• **RECORDED INFORMATION**:
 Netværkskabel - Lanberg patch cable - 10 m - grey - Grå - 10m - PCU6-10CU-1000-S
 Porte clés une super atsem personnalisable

* * *

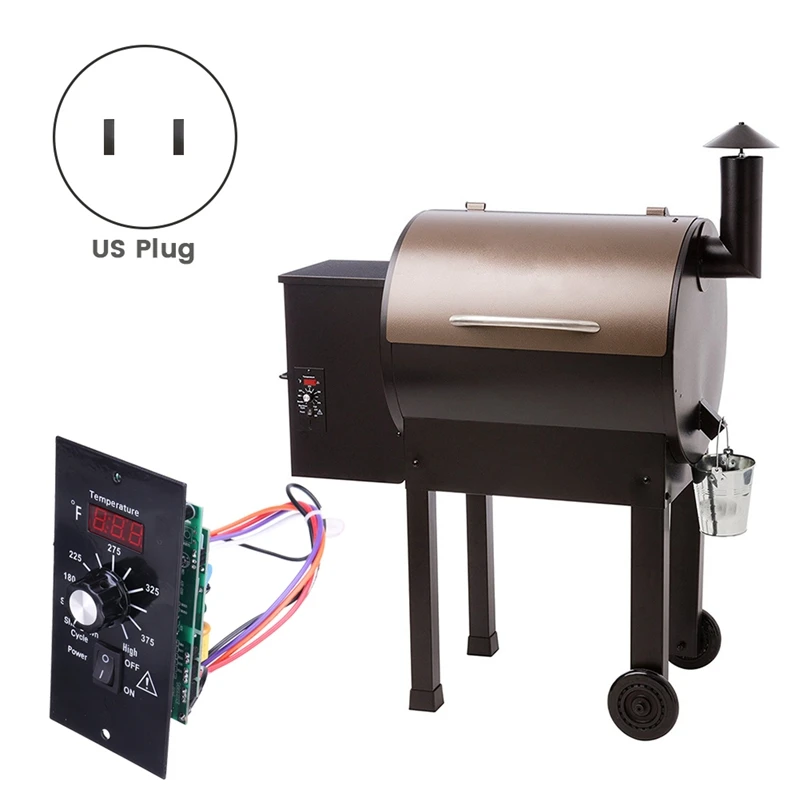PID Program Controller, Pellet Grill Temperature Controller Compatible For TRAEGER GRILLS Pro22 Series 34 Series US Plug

==

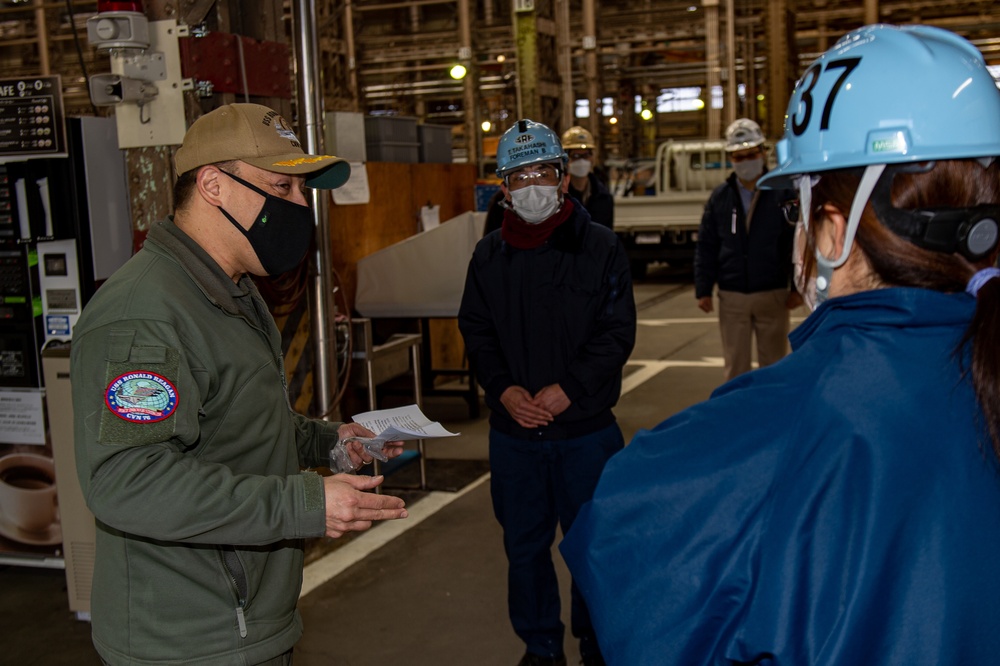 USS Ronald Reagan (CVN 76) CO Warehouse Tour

• **WHAT IS NEEDED**:
Could you transcribe the entries above word for word, from the line with "Netværkskabel - Lanberg" down to the line with "Porte clés une super atsem personnalisable", keeping both?

• **RESPONSE AREA**:
 Netværkskabel - Lanberg patch cable - 10 m - grey - Grå - 10m - PCU6-10CU-1000-S
 Porte clés une super atsem personnalisable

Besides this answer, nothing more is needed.